Q4 What problems • No good as different matches at different times • Players change. • Need MLP output for different times. But this gives different Beta distributions. • So instead use output of neural network before going through the sigmoid. • Try to estimate bias for individual pairing. • Little data for individual pairings: need to be Bayesian. • Put Gaussian prior distribution on bias. Use approximate Bayesian methods to update bias distribution (next lectures).
Further still • Players have styles: use who beats who to provide player groupings. • See e.g. collaborative filtering. • Experts may have access to info that is hard to encode. Incorporate expert predictions into data. • At all stages: check it answers the questions you want it to.

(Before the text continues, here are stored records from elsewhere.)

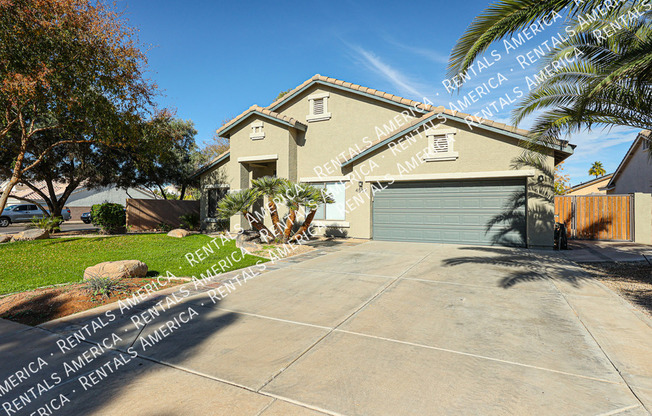 4562 E TREMAINE CT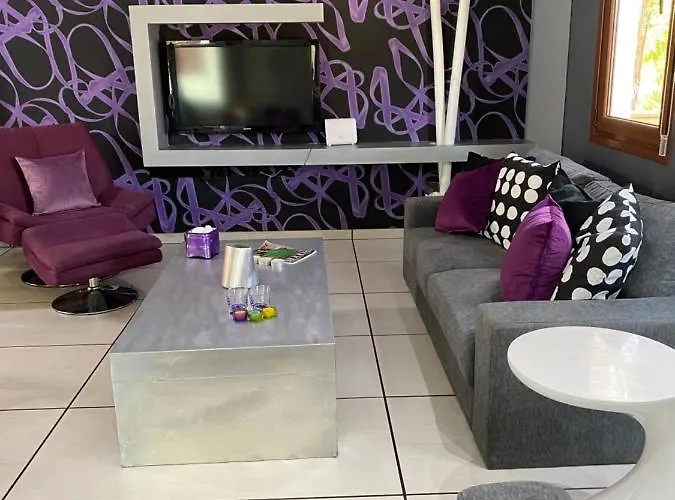 빌라 Purple Protaras -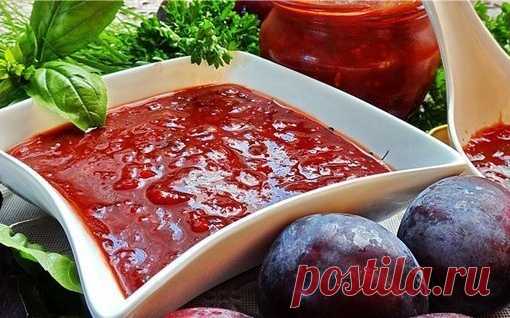 Ароматная, пряно-острая,со сладко-соленым вкусом и фруктовой ноткой аджика отлично подходит к мясным блюдам и птице, хорошо сочетается с рисом и макаронами.

Вам потребуется:

2 кг сливы          
200 г чеснока (5-6 головок среднего размера)
2-3 стручка горького перца (по вкусу)
1 кг сладкого перца (желательно красного цвета)
по большому пучку зелени укропа, петрушки, фиолетового и зеленого базилика и листьев тархуна (эстрагона)
2-2,5 ст.ложки соли (по вкусу)
70-100 г саха...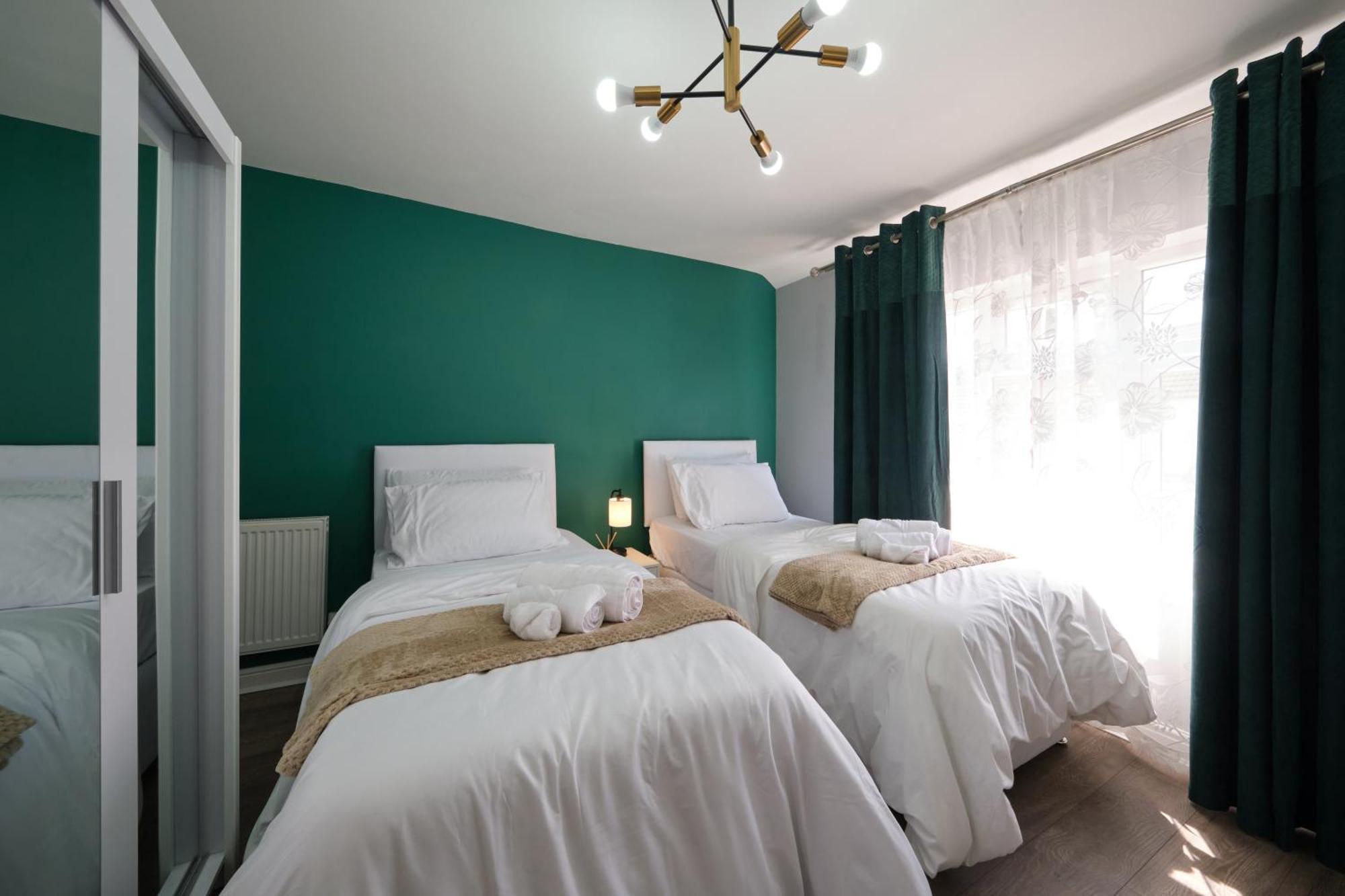 Holiday home Luxury In Near Building Society Arena And Arena Shopping Park Coventry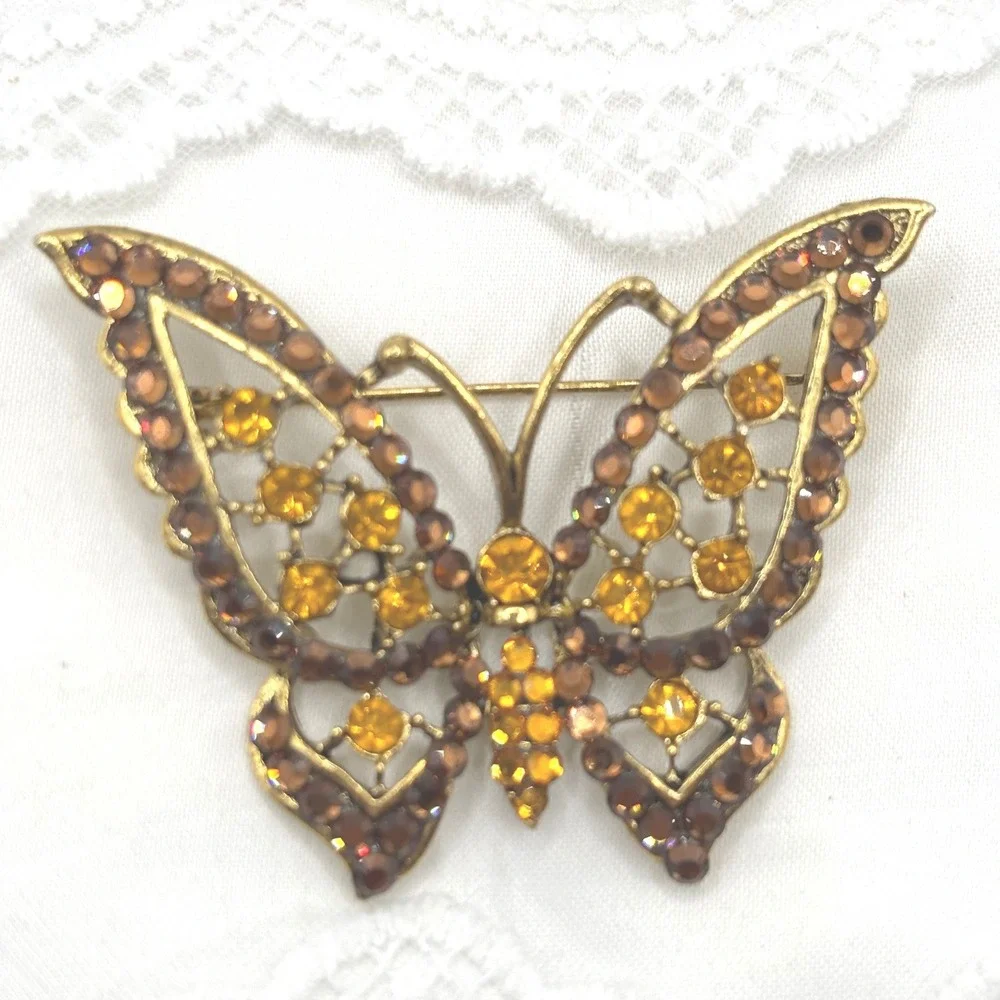 Vintage Butterfly Brooch Antiqued Gold Tone Amber Brown Rhinestone Insect Pin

Q5 What next • Get data. Check data. Check outliers. Check consistency: • Do things change over time. Courts change. Rules change. Etc. • Get data into the right format. How to represent ordinal data. • Build network. Add constraints, train, validate. Check assumptions. Is this actually going to work well enough – should see at this stage if it is definitely not. • Refine predictions using individual pairings. • Revalidate. Recheck assumptions. • Anything not quite right? Look carefully. Explain all observations. Know what is going on.
Q6 How to deploy • Test in the field. • Test in the field. • Refine. • Test in the field. • Test in the field. • Refine • Test in the field. • Test in the field. • Refine. • Test in the field. • Test in the field. • Refine. • Test in the field. • Test in the field. • Freeze • Test in the field x10. • Deploy (or ditch at earlier stage).